グローバル・ゼミは、世界中からゲスト講師や学生が集まる環境です。ここでの経験を通して、様々なアートが世界とどうつながっていくのかを肌で感じることができました。同じゼミの学生からも学ぶことがたくさんあり、自分とはまったく異なる人生経験や文化的背景をもつ人たちの、様々な価値観にふれることができました。そして、作品をつくってゼミの中だけで講評するのではなく、展覧会に参加させていただくチャンスが何度もあり、空間構成を考える力を養うとともに、展覧会を発展させるための要素を学び取ることができました。これまでは、自分のことに対して、「本当にこれでいいのか」「これでよかったのか」と思い悩むことがありました。しかし、様々な人とコミュニケーションを取り、作品を人に観てもらう経験を積むことで、自分の決断に自信をもつことできました。大学院で出会える知識や経験は、より深い洞察力を得るために役立ち、新たなアイデアへの探求を促してくれるはずです。

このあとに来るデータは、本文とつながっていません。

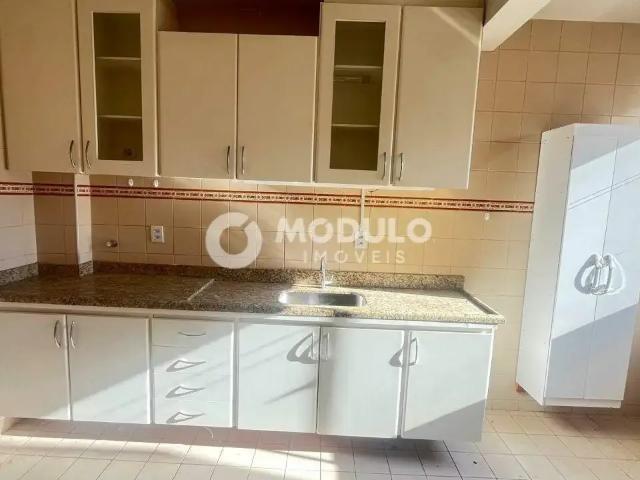 Apartamento para Locação em Uberlândia/MG Santa Mônica 3 Quartos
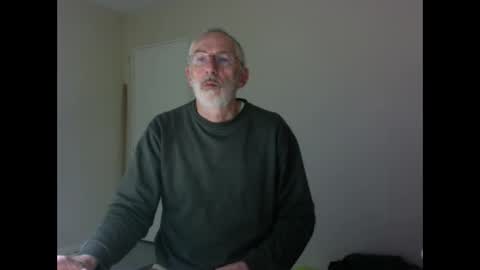 Snapshot of taliesin4321 chatting on October 31, 8:45 pm Jack Pierrot online show from October 31, 8:45 pm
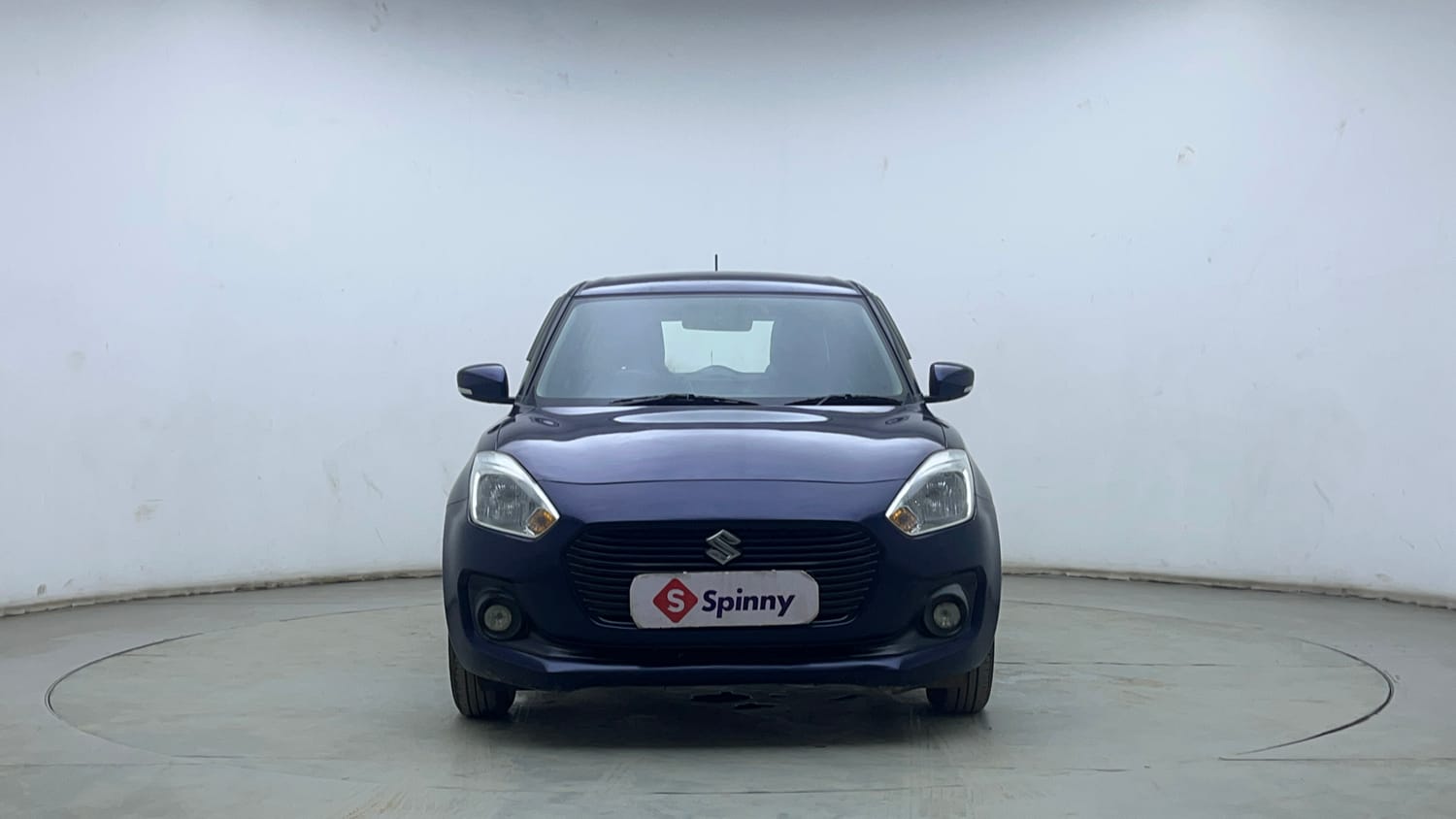Used 2018 Maruti Suzuki Swift VXi AMT Petrol Automatic exterior FRONT VIEW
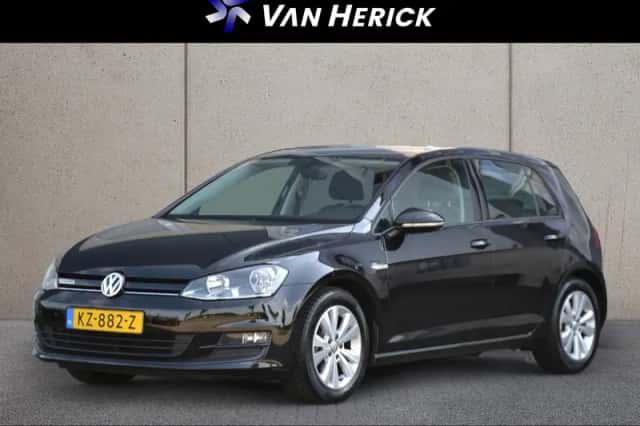 Volkswagen Golf (2017) thumbnail 1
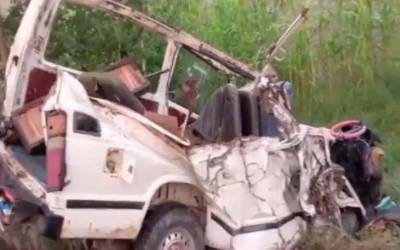 فیصل آباد:ٹرک اوردودھ کی وین میں تصادم،4افرادجاں بحق ،2پولیس اہلکاروں سمیت 5زخمی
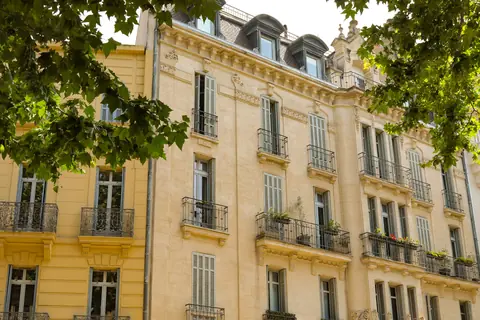 Façade d'immeuble d'habitation ancien à balcons, au soleil
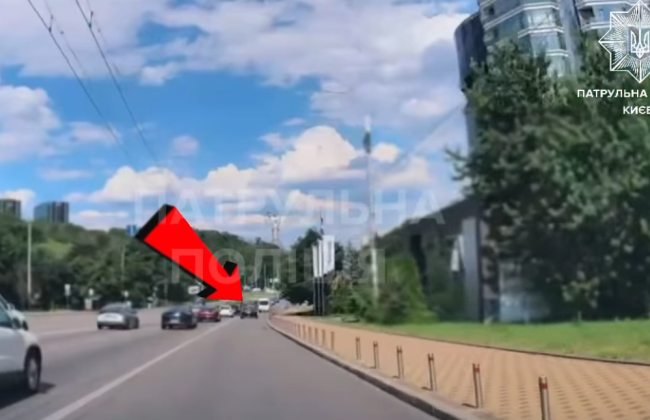 В Киеве поймали «с поличным» водителя BMW во время движения по полосе общественного транспорта на Печерске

Leia Barela Roachリーア・バレラ・ローチ
グローバル・ゼミ 2020年度修了
アメリカ、ニューメキシコ州のロスアラモス出身。ニューメキシコ大学で心理学や日本の言語・文化を学び、京都の立命館大学への留学も経験。大学を卒業し、YMCAに就職して社会人を経験した後、本学のグローバル・ゼミへ。アメリカと日本の両サイドから原子爆弾の問題を描いた作品『Parallel Conversations』は修了展で優秀賞を受賞。ホテル アンテルーム 京都でのグループ展や、東京都美術館で開催された『KUA ANNUAL 2020』にも参加。
芸術実践領域
(旧:グローバル・ゼミ)Contemporary Art Practice
トップアーティスト、
キュレーターを生むことだけを
考え抜いたゼミ
このゼミでは総合力と跳躍力のあるアーティストやキュレーターを育てます。つまり、世界を俯瞰的に捉え、広い視野から世界の動向を把握できるような総合的な視点をもち、自分なりのリサーチを蓄積していくことによって、その後の跳躍を助ける知識をもつ人材になるということです。加えて、世界のアートシーンでは英語力が問われるため、授業やゲスト講師とのコミュニケーションはすべて英語で行います。在学中に可能な限り多くの学びと気づきを得て、卒業後にアーティストやキュレーターとして世界のアートシーンで高くジャンプできる人材を育てたいと思っています。